20. Keputusan Ketua Muda Urusan Lingkungan Peradilan Agama Dan Sekretaris Mahkamah Agung RI Nomor 04/TUADA-AG/II/2011 dan Nomor 020/SEK/SK/II/2011 Tentang Petunjuk Pelaksanaan Surat Edaran Mahkamah Agung RI Nomor 10 Tahun 2010 Pedoman Pemberian Bantuan Hukum Lampiran B.
21. Hasil Rakernas MARI.
22. Pedoman Pelaksanaan Tugas Dan Administrasi Peradilan Agama.[10]
C.  Bentuk-bentuk Penyelesaian Sengketa
 Bentuk penyelesaian sengketa menurut hukum terdiri atas penyelesaian sengketa melalui pengadilan (Legitasi), dan penyelesaian sengketa diluar pengadilan (non-legitasi). Sedangkan penyelesaian sengketa diluar pengadilan dibagi atas dua bagian besar yaitu melalui arbitrase, dan melalui alternatif yang penyelesaian sengketa meliputi cara-cara: Konsultasi, Negosiasi, Mediasi, Konsolidasi, dan penilaian ahli.
Arbitrase, adalah cara penyelesaian suatu sengketa perdata diluar peradilan umum yang didasarkan pada perjanjian arbitrase yang dibuat secara tertulis oleh para pihak yang bersengketa.[11]
Konsultasi, menurut  M. Marwan dan Jimmy P adalah  “Permohonan nasihat atau pendapat untuk menyelesaikan suatu sengketa secara kekeluargaan yang dilakukan oleh para pihak yang bersengketa kepada pihak ketiga”.
Negosiasi, menurut M. Marwan dan Jimmy P, adalah sebagai proses tawar-menawar dengan jalan berunding antara para pihak yang bersengketa untuk mencapai kesepakatan bersama.
Munir Fuady menjelaskan tentang penyelesaian sengketa melalui mediasi, bahwa: “Yang dimaksud dengan mediasi adalah suatu proses penyelesaian sengketa berupa negosiasi untuk memecahkan masalah melalui pihak luar yang netral dan tidak memihak, yang akan bekerja dengan pihak yang bersengketa untuk membantu menemukan solusi dalam menyelesaikan sengketa tersebut secara memuaskan bagi kedua belah pihak. Pihak ketiga yang netral tersebut disebut dengan mediator.”[12]
M. Marwan dan Jimmy P, mengartikan Konsiliasi sebagai usaha untuk mempertemukan keinginan pihak-pihak bersengketa agar mencapai kesepakatan guna menyelesaikan sengketa dengan kekeluargaan. Sedangkan menurut Munir Fuady, Konsiliasi mirip dengan mediasi, yakni merupakan suatu proses penyelesaian sengketa berupa negosiasi untuk memecahkan masalah melalui pihak luar yang netral dan tidak memihak yang akan bekerja dengan pihak yang bersengketa untuk membantu menemukan solusi dalam menyelesaikan sengketa tersebut.

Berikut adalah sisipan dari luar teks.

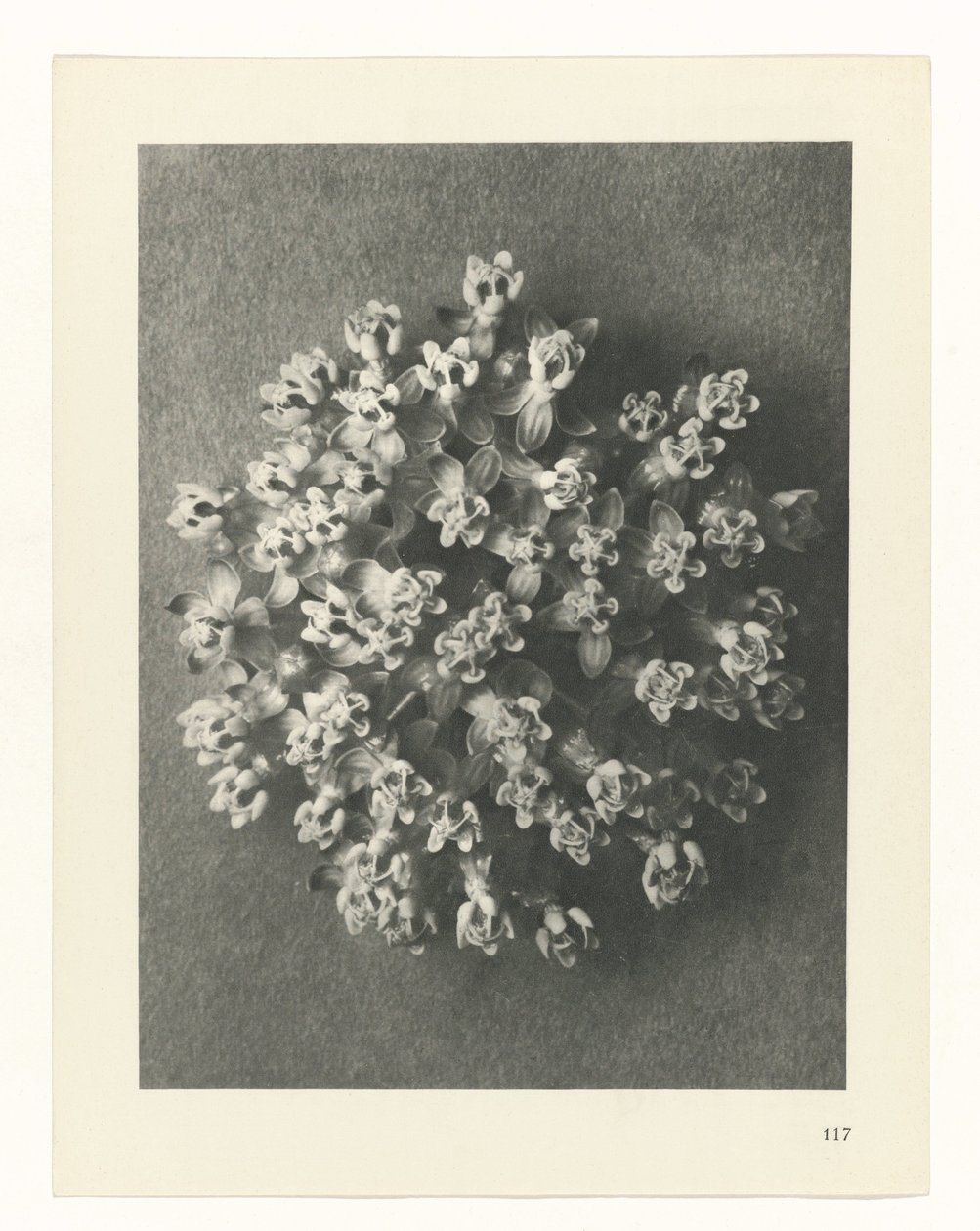 plan çalışması Sanat Arketipleri (dizi başlığı) by Karl Blossfeldt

Penilaian ahli, merupakan bentuk pendapat ahli yang dapat dipahami dan diterima oleh para pihak yang bersengketa. Dalam Hukum Acara, dikenal sebagai saksi ahli, yakni suatu kesaksian berdasarkan keahlian dari seseorang atau lebih untuk menemukan solusi pada pokok persengketaan.
Penilaian ahli juga dinamakan sebagai keterangan ahli, yang dalam Undang-Undang No. 8 tahun 1981 tentang Kitab Hukum Acara Pidana (KUHAP) dirumuskan bahwa “Keterangan ahli adalah keterangan yang diberikan oleh seorang yang memiliki keahlian khusus tentang hal yang diperlukan untuk membuat terang suatu perkara pidana guna kepentingan pemeriksaan” (Pasal 1 Angka 28).[13]
D.  Mediasi
Mediasi adalah proses penyelesaian sengketa melalui proses perundingan atau mufakat para pihak dengan dibantu oleh mediator yang tidak memiliki kewenangan memutus atau memaksakan sebuah penyelesaian.
Ciri utama proses mediasi adalah perundingan yang esensinya sama dengan proses musyawarah atau konsensus. Sesuai dengan hakikat perundingan atau musyawarah atau konsensus, maka tidak boleh ada paksaan untuk menerima atau menolak sesuatu gagasan atau penyelesaian selama proses mediasi berlangsung dan  Segala sesuatunya harus memperoleh persetujuan dari para pihak.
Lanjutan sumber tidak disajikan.